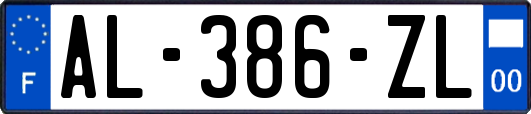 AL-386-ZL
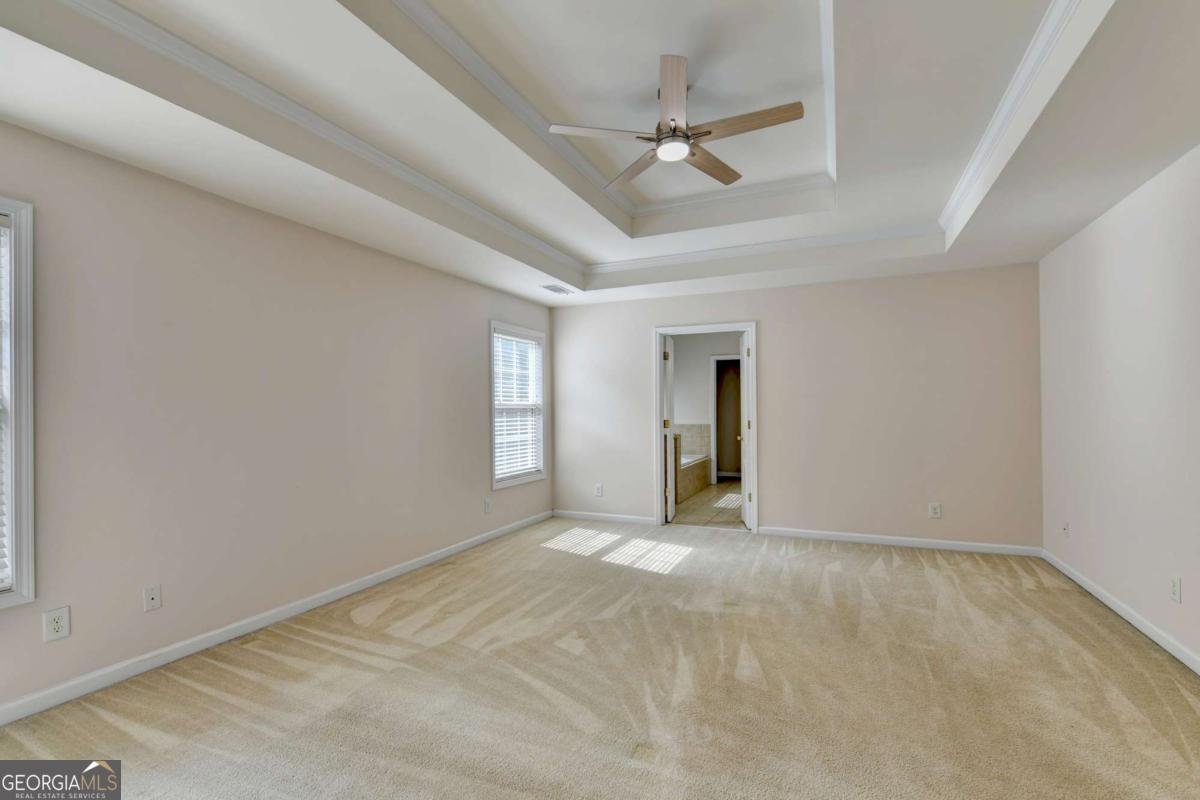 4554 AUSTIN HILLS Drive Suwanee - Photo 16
...
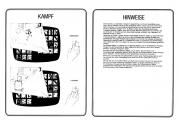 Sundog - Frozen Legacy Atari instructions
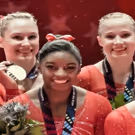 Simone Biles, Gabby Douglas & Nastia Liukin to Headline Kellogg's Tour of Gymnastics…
==
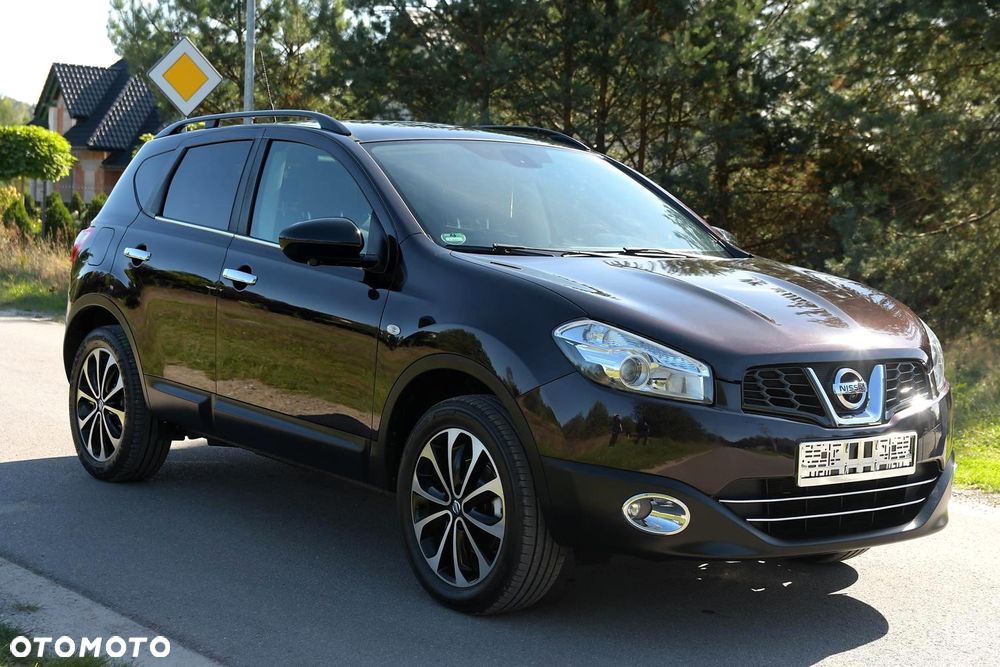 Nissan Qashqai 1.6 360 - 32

> **The problem**:
Your copy should hold the lines from the one with "Sundog - Frozen Legacy Atari instructions" up to and including the one with "Simone Biles, Gabby", exactly as in the data above, and no pictures.

> **Answer for the task**:
 Sundog - Frozen Legacy Atari instructions
 Simone Biles, Gabby Douglas & Nastia Liukin to Headline Kellogg's Tour of Gymnastics…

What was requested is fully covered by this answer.